Note: This feature will be available in the Astronomer EE 0.3 release (July 2018).

Introduction

This document covers the current scope of monitoring features provided by Apache Airflow and the Astronomer platform.

The monitoring system has three primary concerns:

  1. metrics gathering
  2. metrics storage
  3. visualization

Components

  • StatsD
  • StatsD Exporter
  • Prometheus
  • Grafana

Getting Started

You might be wondering how monitoring compares in vanilla Airflow vs in the Astronomer platform.

Airflow

Airflow is instrumented with StatsD, which provides a stats aggregation daemon. StatsD is a push-based monitoring framework. While StatsD support is built-in to Airflow, the details are not yet well documented. Specifically, most of the instrumentation in Airflow today is around the task scheduler.

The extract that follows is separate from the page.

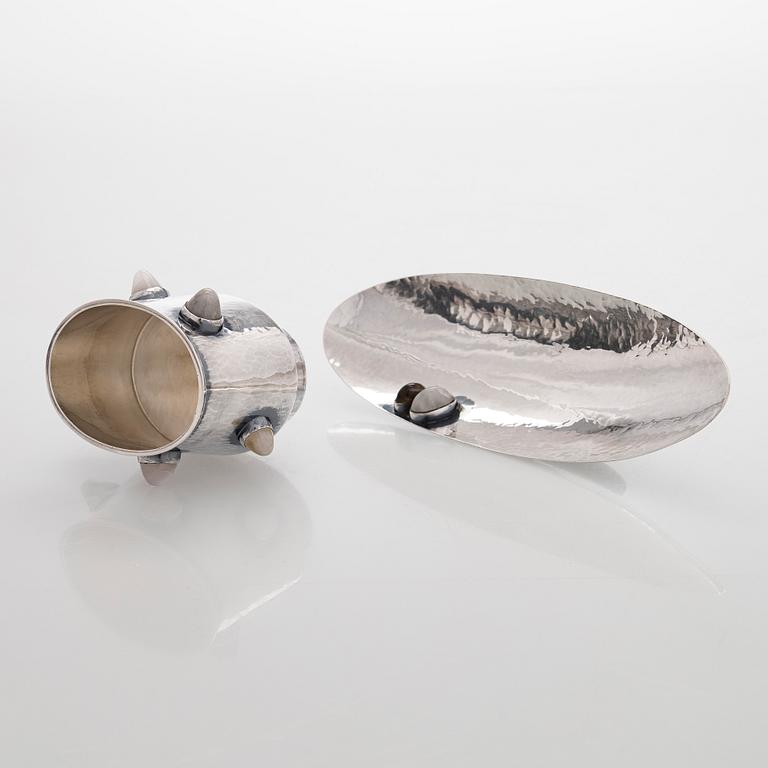 Malja ja vati, hopeaa ja pyöröhiottuja kvartseja, Pirkan-Kulta Tampere 1961.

The Airflow StatsD integration works by sending data to StatsD which is picked up by the StatsD Exporter. The statsd PyPI package provides the Python client used in Airflow to gather metrics and push them to the exporter.

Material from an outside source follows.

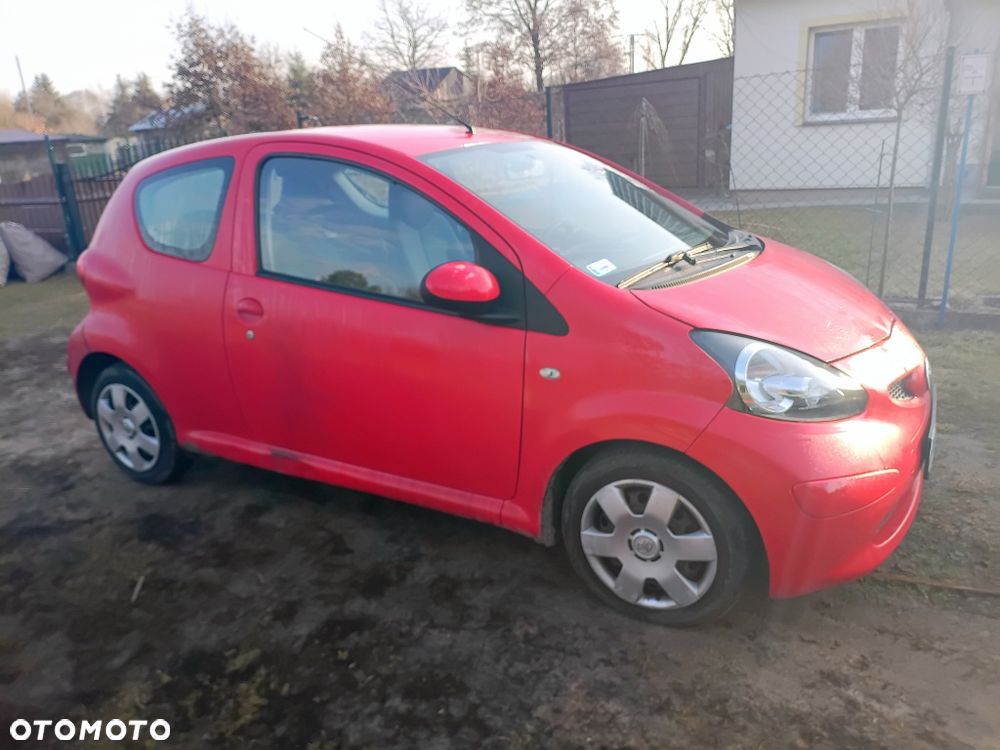 Toyota Aygo - 1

The StatsD Exporter (statsd_exporter) bridges the gap between StatsD and Prometheus by translating StatsD metrics into Prometheus metrics via configured mapping rules.

Astronomer

Astronomer’s monitoring picks up on the other side where Prometheus pulls the data from the StatsD Exporter, which is then made available for visualization in Grafana.

The Astronomer Monitoring stack provides Helm charts for Prometheus and Grafana as well as custom dashboards for Airflow. We provide Prometheus and Grafana as top-level instances independent of Airflow deployments.

Prometheus provides a pull-based monitoring framework for apps, services, hosts, etc.

Grafana provides support for dashboards and visualizations built on top of Prometheus data.

Customization

As a user, you have full access to Prometheus/Grafana and can customize it to suit your needs. You can, for example, create new dashboards, as well as add new instrumentation metrics to Airflow itself.

Known Bugs

Note: There is currently a known bug in Airflow where the number of DAGs reported to Airflow by scheduler subprocesses can be inaccurate - AIRFLOW-774.